— Try it —
Output the line with "Frequency XCEL Toric XR (3 lentile)" and every line below it until the listing ends, exactly as written and with nothing added.

— Supplied information —
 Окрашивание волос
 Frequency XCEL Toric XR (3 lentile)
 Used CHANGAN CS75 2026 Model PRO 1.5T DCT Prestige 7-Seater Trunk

— Solution —
 Frequency XCEL Toric XR (3 lentile)
 Used CHANGAN CS75 2026 Model PRO 1.5T DCT Prestige 7-Seater Trunk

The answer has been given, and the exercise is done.